How to translate the following into Latin:
Spend it all now = no profits and enjoy life
How to translate the following into Latin:
Spend it all now = no profits and enjoy life
I keep on bringing up this bit from Ovid's Cleopatra Ode on the Stack Exchange: "Nunc est bibendum." One could translate this phrase as 'Now must be drunk = Now is the time for drinking.'
This phrase has imagery reminiscent of a battle and dancing. And it has a phrase about bringing down a fine wine from the ancestral cellars. This to me could be what you're looking for; it is a poem about enjoying the fruits of one's labor to the fullest.

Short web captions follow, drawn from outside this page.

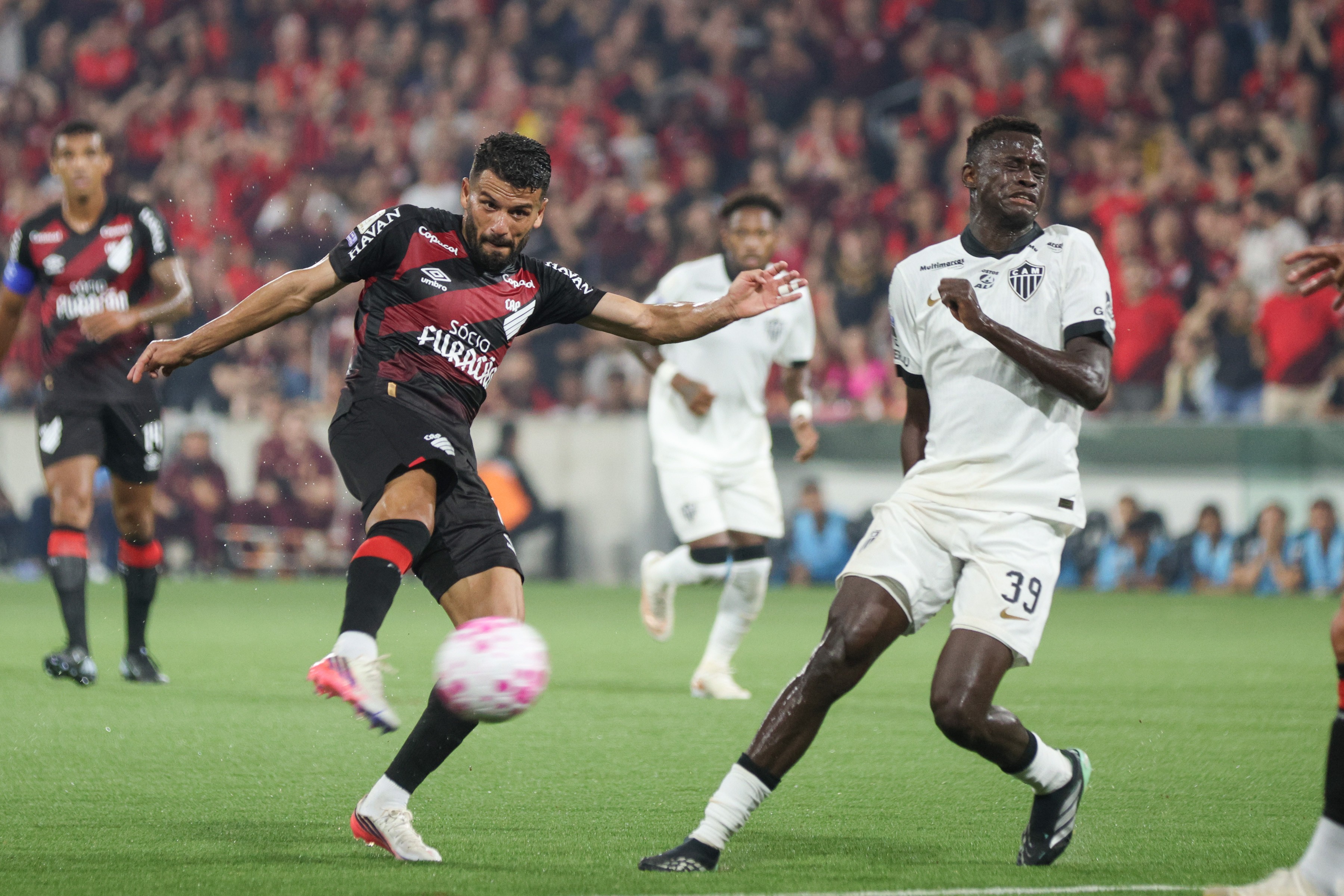 Athletico-PR 2 x 2 Atlético-MG tem o maior público da 29ª rodada do Brasileiro; veja a lista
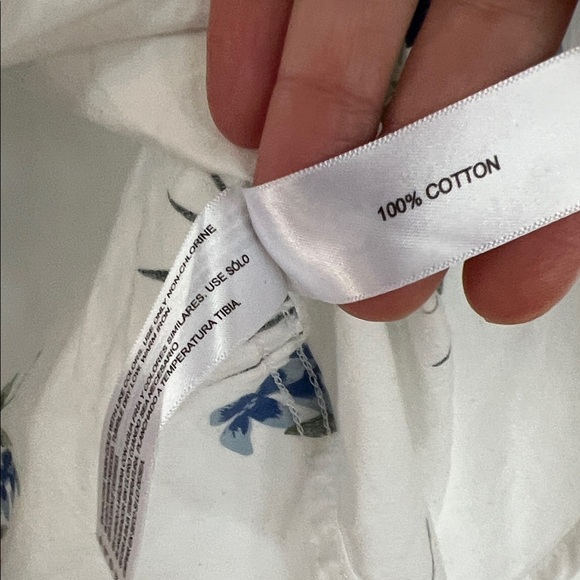 Men's Floral Button-Down Shirt - White with Blue and Red - Picture 4 of 5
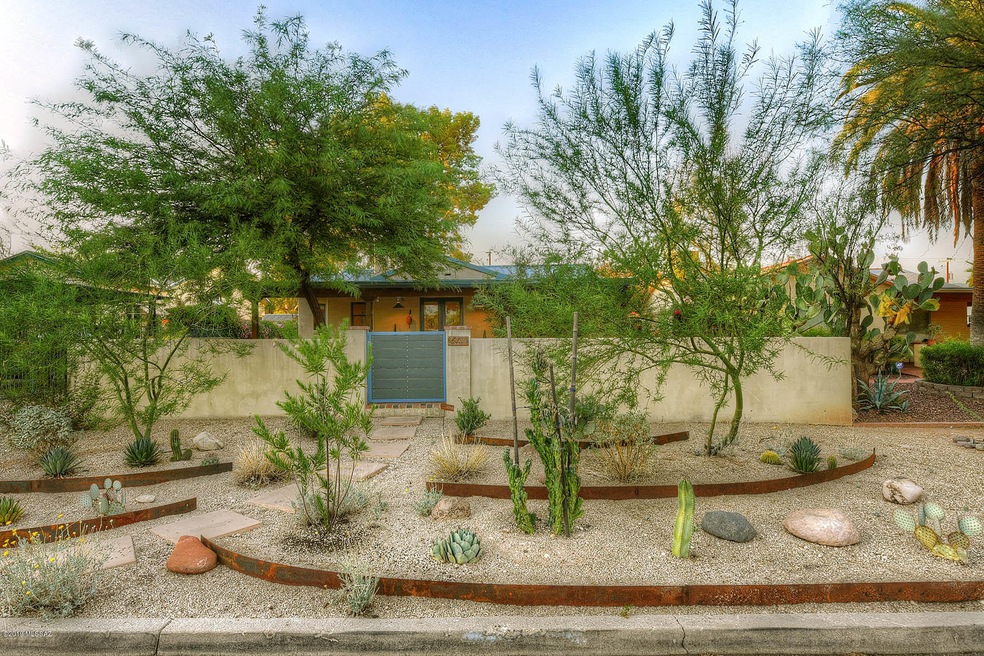 2611 E Helen St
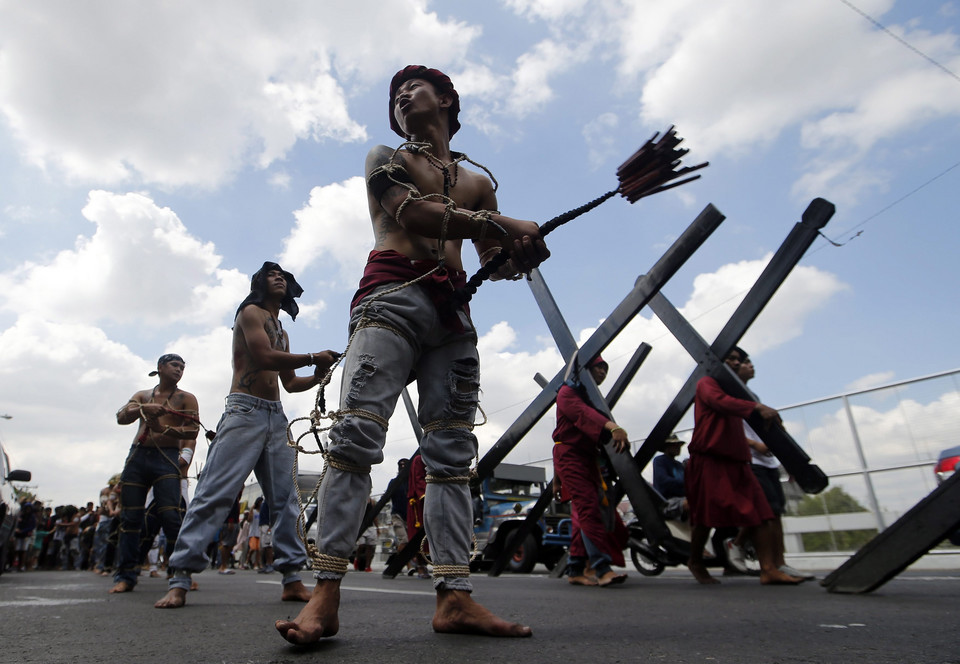 PHILIPPINES HOLY WEEK (Catholic believers rituals)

If you're looking to retain the spirit of this work, but not to rip it off entirely, how about 'Nunc est ludendum?" The verb that ludendum comes from has a sense of playing games and getting up to mischief. I would roughly translate this phrase as "Now is a time for playing."
I may update/add to my answer if you add more information to your question.
Literally, you could say nunc totum expende (spend the whole now as an imperative).
EDIT: Or you could combine all of the existing answers and say
nunc est expendum, nunc mente libera carpenda dies
(with dies feminine, because it corresponds to nunc and hence denotes a specific day).
The classic Carpe diem may be a good fit for the sentiment here, especially considering the line from Horace containing it: Carpe diem, quam minimum credula postero. It urges acting now rather than putting things off for later, which I think captures the gist pretty well. Not a literal translation, of course, but quite apt.